Another Reformed pastor Matt Chandler devoted a sermon The Trinity and Christian Prayer to this question as well:

Our entire Christian life is lived BY the Spirit THROUGH the Son TO the Father. That’s going to be the framework for how we think about prayer over the next few minutes. We’re going to think about how prayer is by the Spirit, how prayer is through the Son, and how prayer is to the Father.

The formula by Matt Chandler (BY... THROUGH...TO...) is very similar to how C.S. Lewis viewed the Trinitarian God's role in a Christian's prayer, from the following quote of Chapter 2, Book 4 of his famous book Mere Christianity which probably can speak for all Trinitarian denominations and which helps me a lot in directing my personal prayer:

You may ask, "If we cannot imagine a three-personal Being, what is the good of talking about Him?" Well, there isn't any good talking about Him. The thing that matters is being actually drawn into that three-personal life, and that may begin any time —tonight, if you like.

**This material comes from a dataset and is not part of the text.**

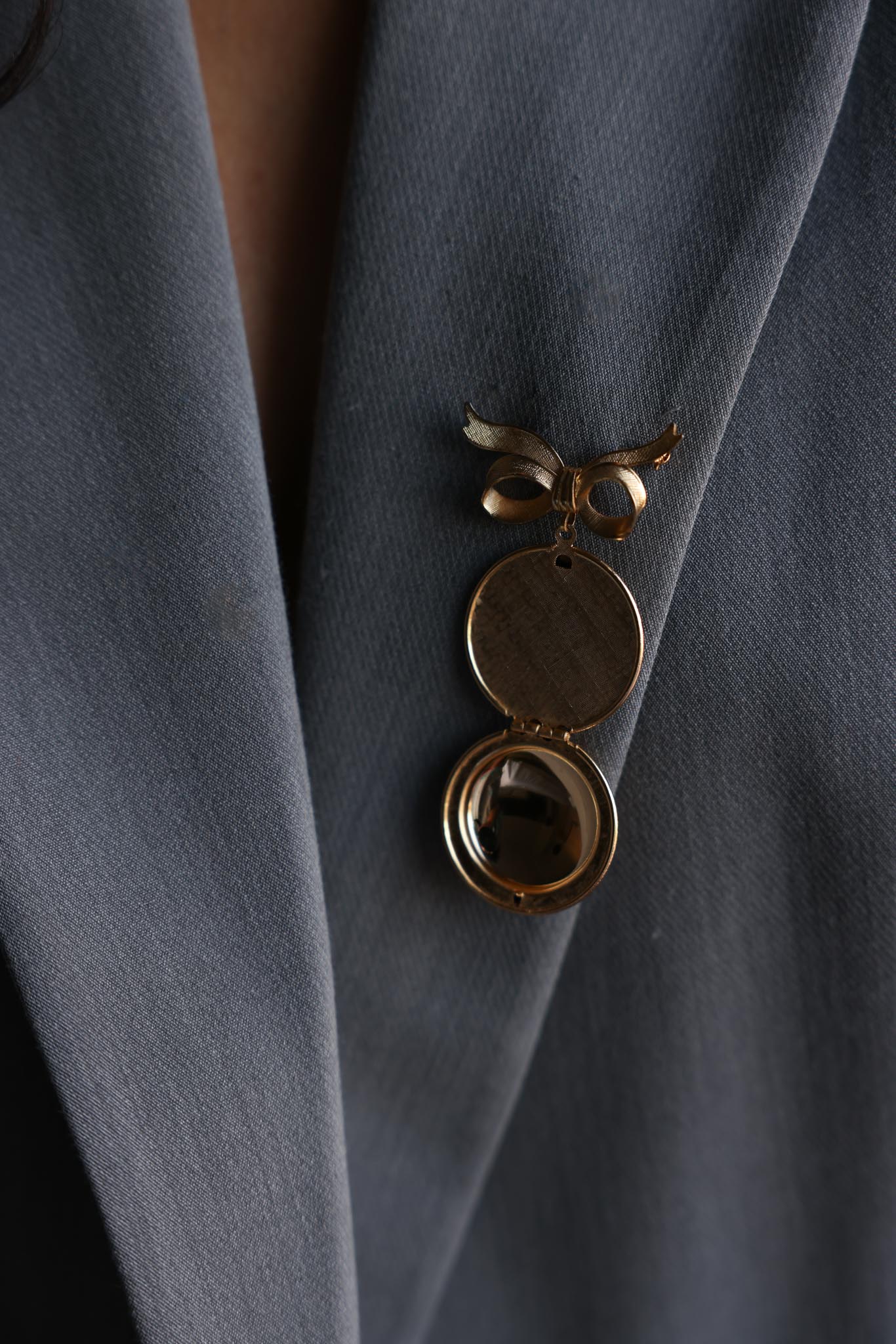 Gold Bow Locket Brooch|Vintage Baazaar 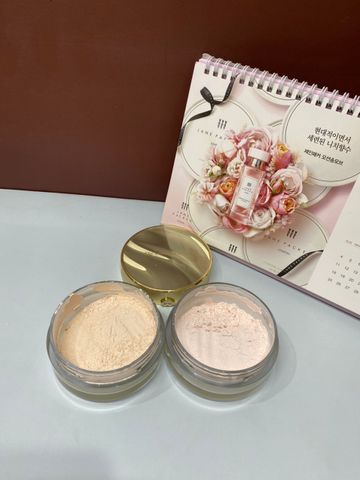 Phấn Phủ Bắt Sáng Dạng Bột Whoo Gongjinhyang Mi - Phấn Trang Điểm Sang Trọng, Che Khuyết Điểm Tự Nhiên, Phù Hợp Mọi Loại Da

What I mean is this. An ordinary simple Christian kneels down to say his prayers. He is trying to get into touch with God. But if he is a Christian he knows that what is prompting him to pray is also God: God, so to speak, inside him. But he also knows that all his real knowledge of God comes through Christ, the Man who was God—that Christ is standing beside him, helping him to pray, praying for him. You see what is happening.

God is the thing to which he is praying—the goal he is trying to reach. God is also the thing inside him which is pushing him on—the motive power. God is also the road or bridge along which he is being pushed to that goal. So that the whole threefold life of the three-personal Being is actually going on in that ordinary little bedroom where an ordinary man is saying his prayers. The man is being caught up into the higher kind of life—what I called Zoe or spiritual life: he is being pulled into God, by God, while still remaining himself.

Upvote:1

No, but perhaps we need to define prayer in this context. In the OT all prayer was to God - they knew of one God, Yahweh, who is also referred to as Father. In the NT, Jesus came to reveal the Father, his Father, God.

We pray to the Father as Jesus modelled in his prayers. There is every great reason to give praise to Jesus and thanks for his wonderful life and sacrifice. Is this not prayer?

Prayer is no more than appealing to a heavenly power in praise and recognition. In that recognition, we ask for our needs and for God's provision - as Jesus said to do, in Jesus' name.

Praying to the Holy Spirit is really praying to the Father. Clearly shown to be the Spirit of the Father in the gospels.

for the Holy Spirit will teach you in that very hour what you ought to say." Luke 12:12

For it will not be you speaking, but the Spirit of your Father speaking through you. Matthew 10:20

Is there a basis for praying to 3 separate identities? No, not according to Jesus, the son of God - through whom are all things. 1 Cor 11:12, Rom 11:36. We also read that Jesus' very life comes from the Father (John 6:57) and the Father is above all - Jesus included, as the 'way' to the Father. So when we pray to God, it is through Jesus we may come before the Father and not by any other way.